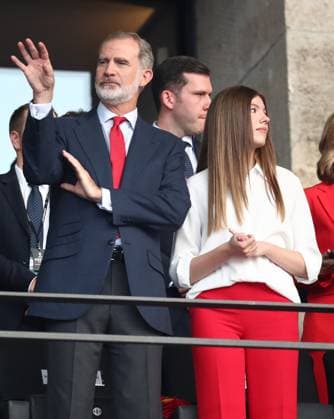 14.07.2024, xtgx, Fussball EM 2024 Finale, Spanien - England emspor, v.l. Felipe VI. (König von Spanien) und Tochter Sofia (UEFA REGULATIONS PROHIBIT ANY USE OF PHOTOGRAPHS as IMAGE SEQUENCES and or QUASI-VIDEO) Berlin
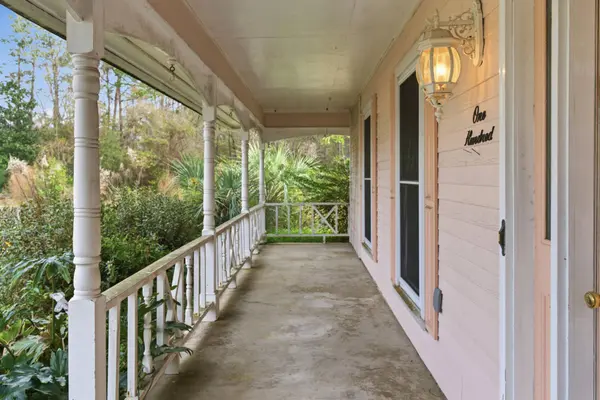 100 Warwick Pl, Hattiesburg, MS 39402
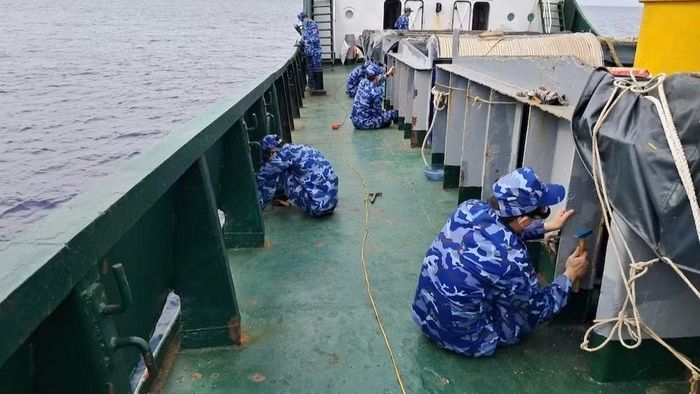 Cán bộ, chiến sĩ Hải đoàn 21 tích cực bảo quản, sơn sửa tàu chuẩn bị cho Hội thi. (Ảnh: VĂN THƯỜNG)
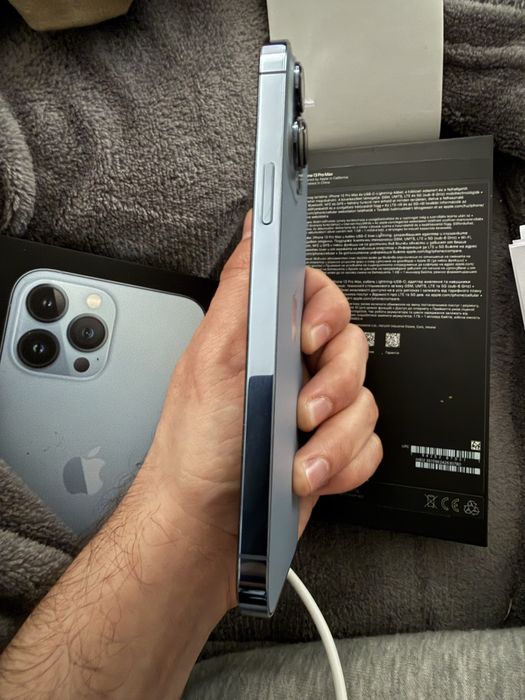 iPhone 13 Pro Max - неразличим от нов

Problem statement - Print out the whole listing word for word. Leave the pictures out.

Result of this exercise -
 14.07.2024, xtgx, Fussball EM 2024 Finale, Spanien - England emspor, v.l. Felipe VI. (König von Spanien) und Tochter Sofia (UEFA REGULATIONS PROHIBIT ANY USE OF PHOTOGRAPHS as IMAGE SEQUENCES and or QUASI-VIDEO) Berlin
 100 Warwick Pl, Hattiesburg, MS 39402
 Cán bộ, chiến sĩ Hải đoàn 21 tích cực bảo quản, sơn sửa tàu chuẩn bị cho Hội thi. (Ảnh: VĂN THƯỜNG)
 iPhone 13 Pro Max - неразличим от нов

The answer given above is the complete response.